───── RECORDS SUPPLIED

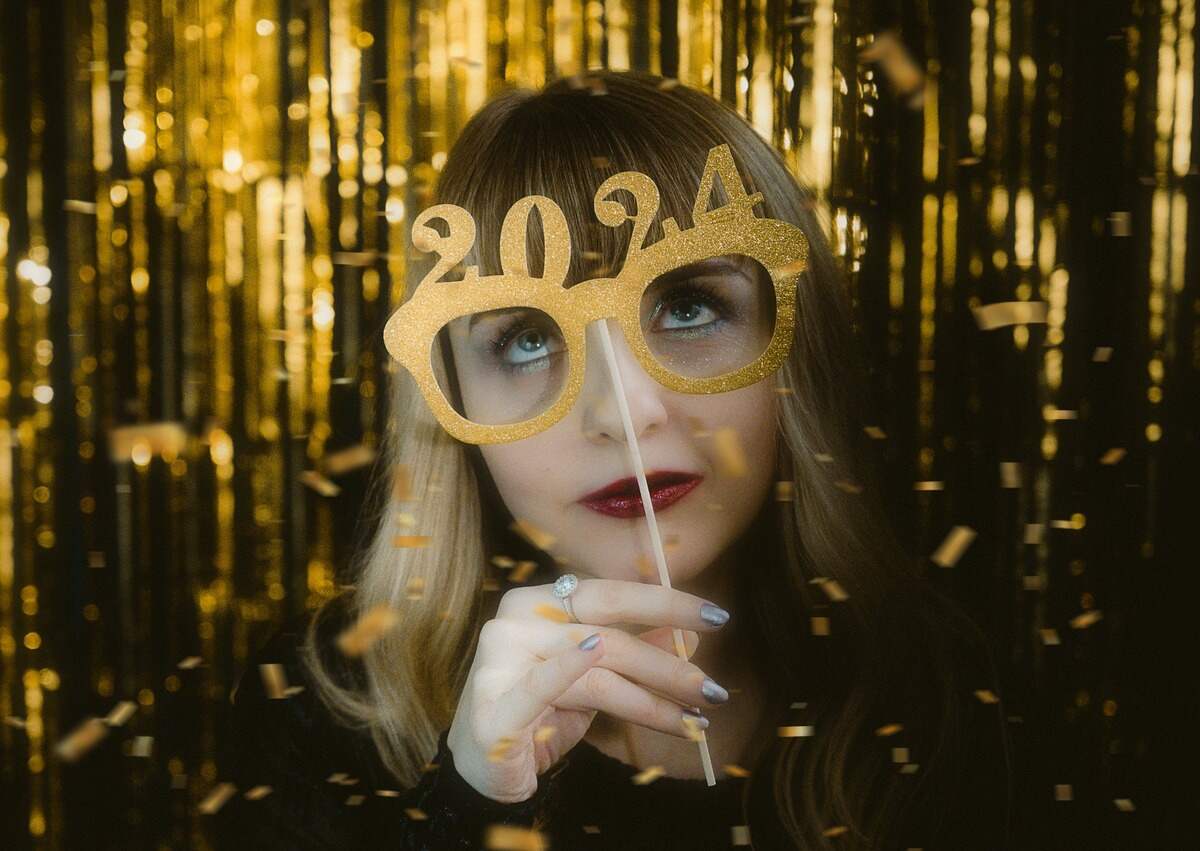 Menina loira com batom vermelho recebendo o ano novo usando um óculos com os números 2024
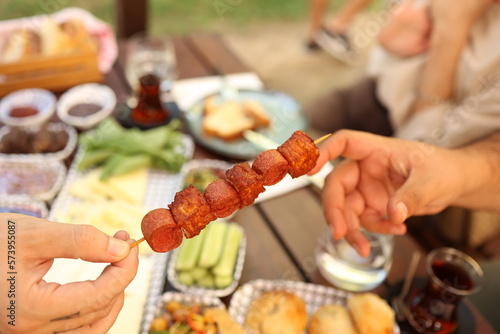 a person is holding a skewer of sausage on a stick with other people around it and a picnic table with food © erdin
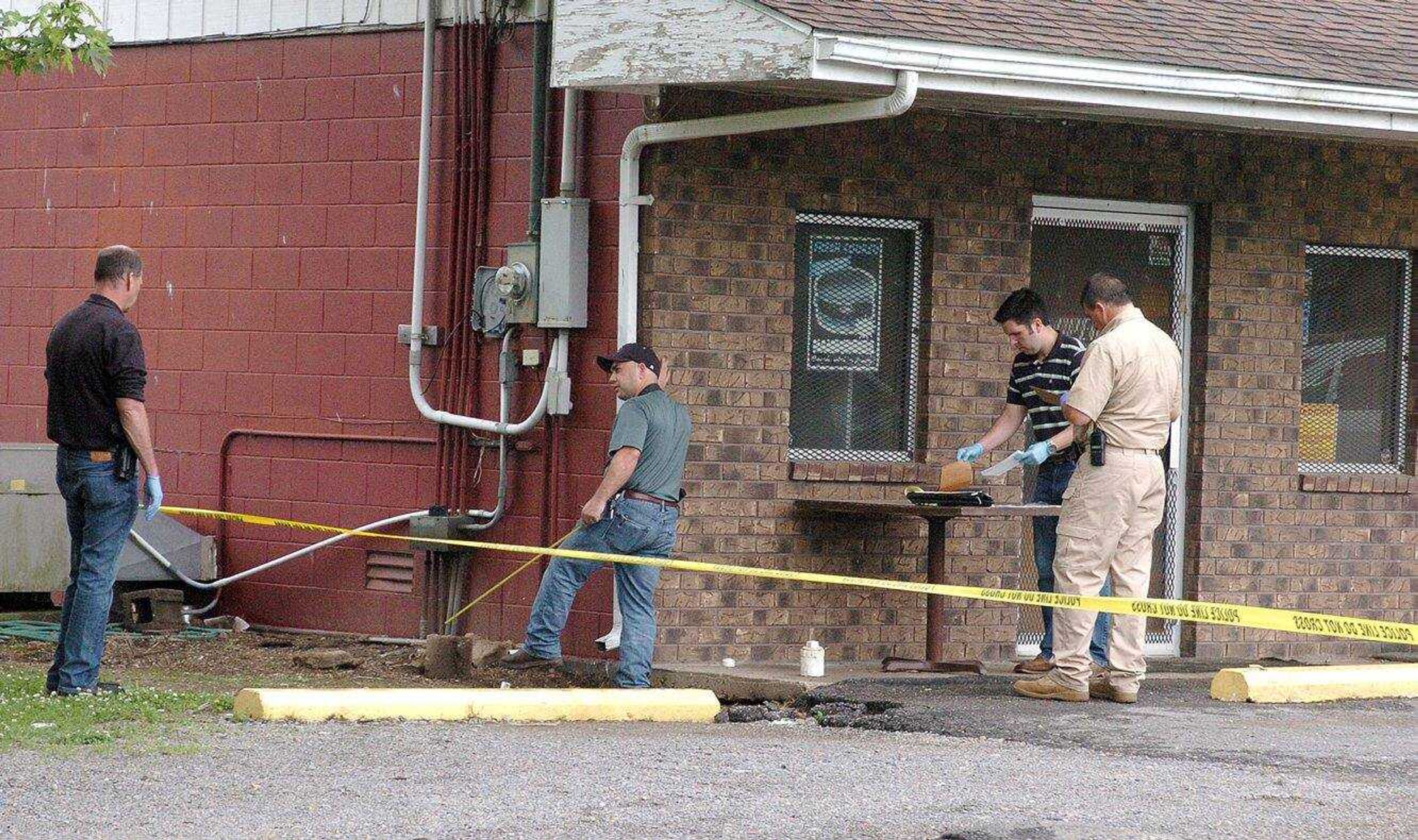 Law enforcement officers look for clues outside of D and L One Stop in Parma, Missouri, on Monday morning. One employee, Brenda Smith, was shot and killed during a  robbery. (Jill Bock ~ Standard Democrat)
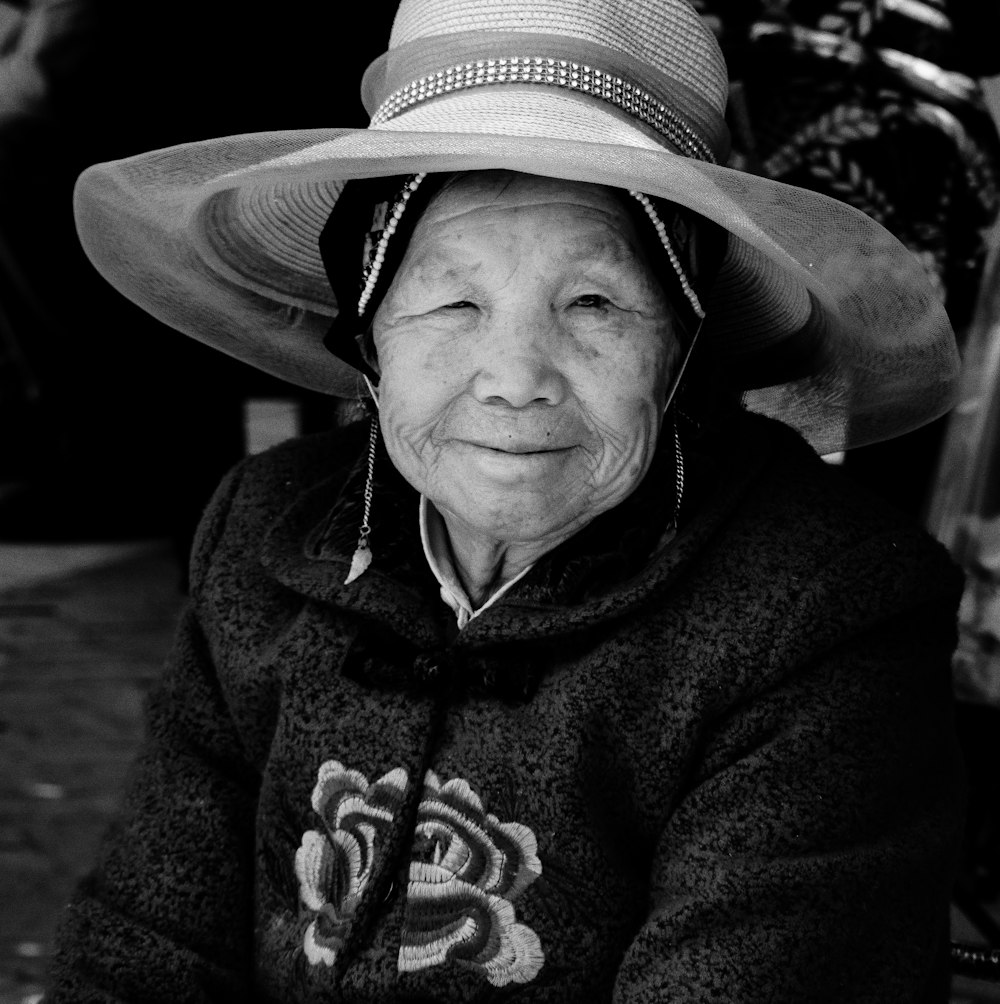 grayscale photo of woman wearing strawhat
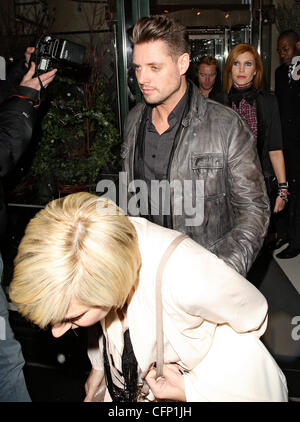 Boyzone star Keith Duffy out with his wife  Lisa Smith celebrating Valentine's night at the Ivy Club followed by Ronan Keating with his wife Yvonne Connolly London, England - 14.02.11 Stock Photo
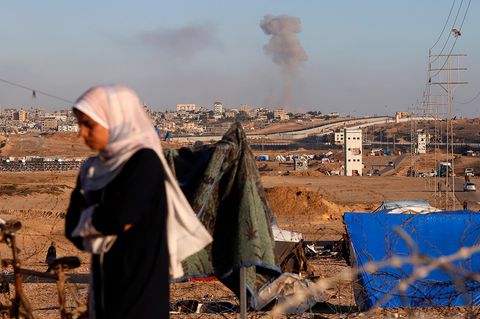Eine Frau geht nach einem israelischen Luftangriff an der Stadt Rafah vorbei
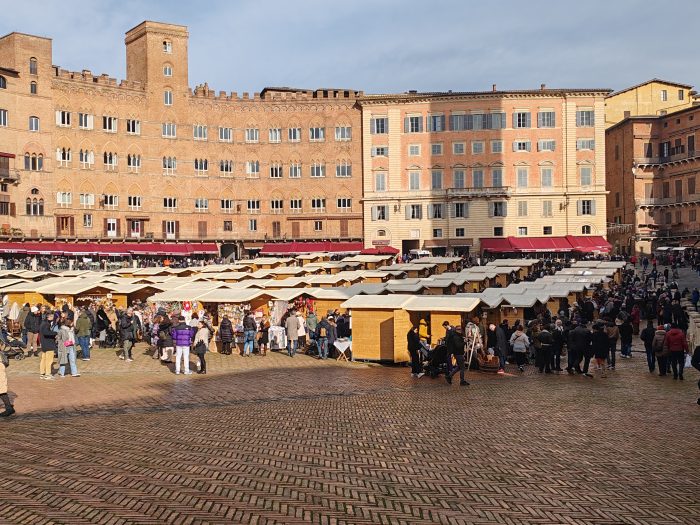 Mercato nel Campo, l'aria frizzante e il sole colorano la piazza insieme a tanti senesi e turisti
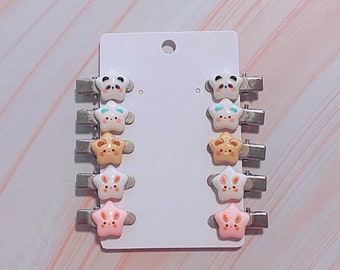 May include: A set of eight star-shaped hair clips with different animal faces. The clips are silver with white, pink, brown, and blue accents.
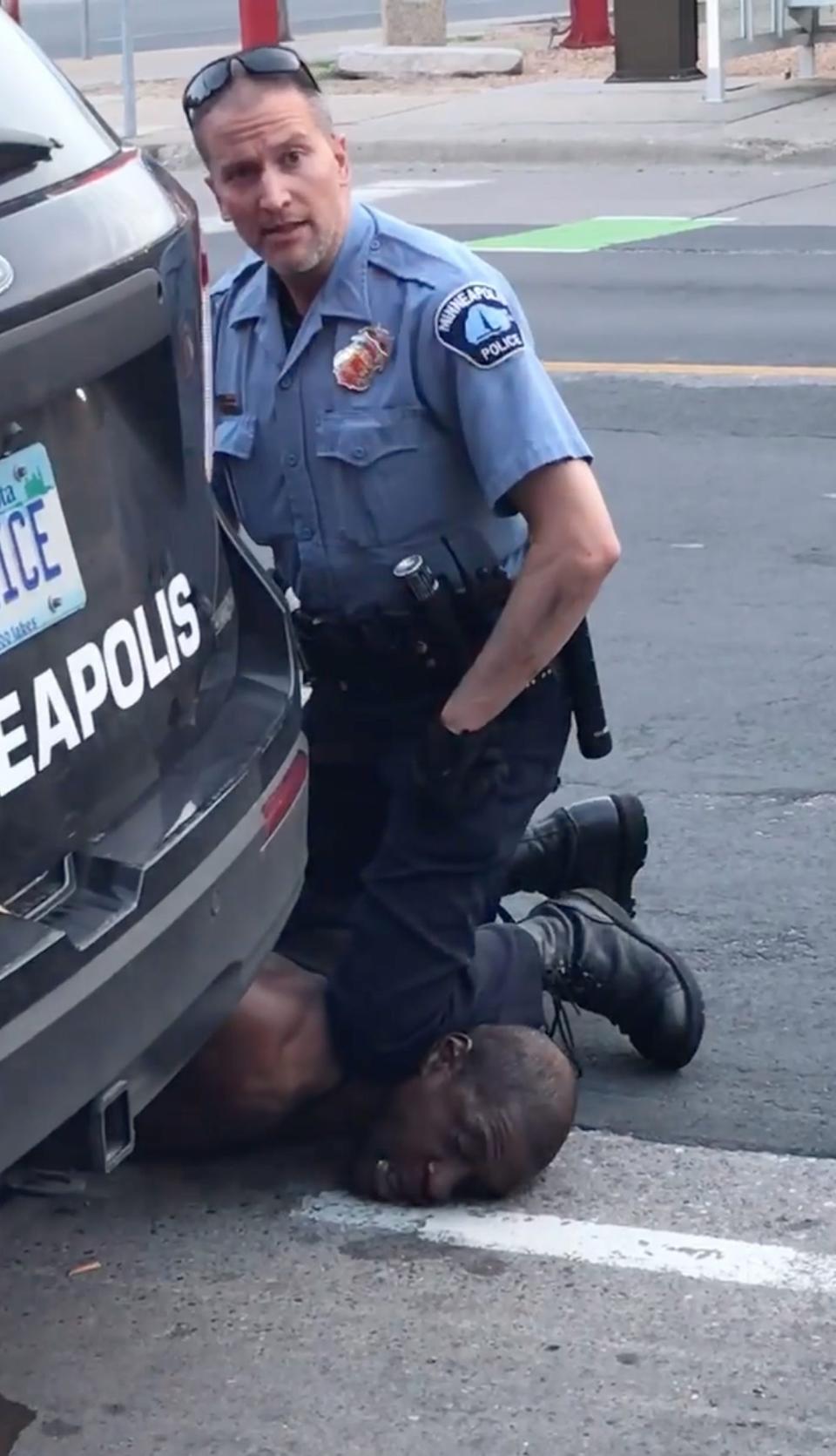 Minneapolis police officer Derek Chauvin kneels on George Floyd on May 25, 2020. Chauvin, who was convicted of murder in Floyd's death, looked directly into bystanders' cameras.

──────────

§ **TASK DESCRIPTION**
Verbatim reproduction of every entry is needed, with the images left out.

§ **RESULT OF THE EXERCISE**
 Menina loira com batom vermelho recebendo o ano novo usando um óculos com os números 2024
 a person is holding a skewer of sausage on a stick with other people around it and a picnic table with food © erdin
 Law enforcement officers look for clues outside of D and L One Stop in Parma, Missouri, on Monday morning. One employee, Brenda Smith, was shot and killed during a  robbery. (Jill Bock ~ Standard Democrat)
 grayscale photo of woman wearing strawhat
 Boyzone star Keith Duffy out with his wife  Lisa Smith celebrating Valentine's night at the Ivy Club followed by Ronan Keating with his wife Yvonne Connolly London, England - 14.02.11 Stock Photo
Eine Frau geht nach einem israelischen Luftangriff an der Stadt Rafah vorbei
 Mercato nel Campo, l'aria frizzante e il sole colorano la piazza insieme a tanti senesi e turisti
 May include: A set of eight star-shaped hair clips with different animal faces. The clips are silver with white, pink, brown, and blue accents.
 Minneapolis police officer Derek Chauvin kneels on George Floyd on May 25, 2020. Chauvin, who was convicted of murder in Floyd's death, looked directly into bystanders' cameras.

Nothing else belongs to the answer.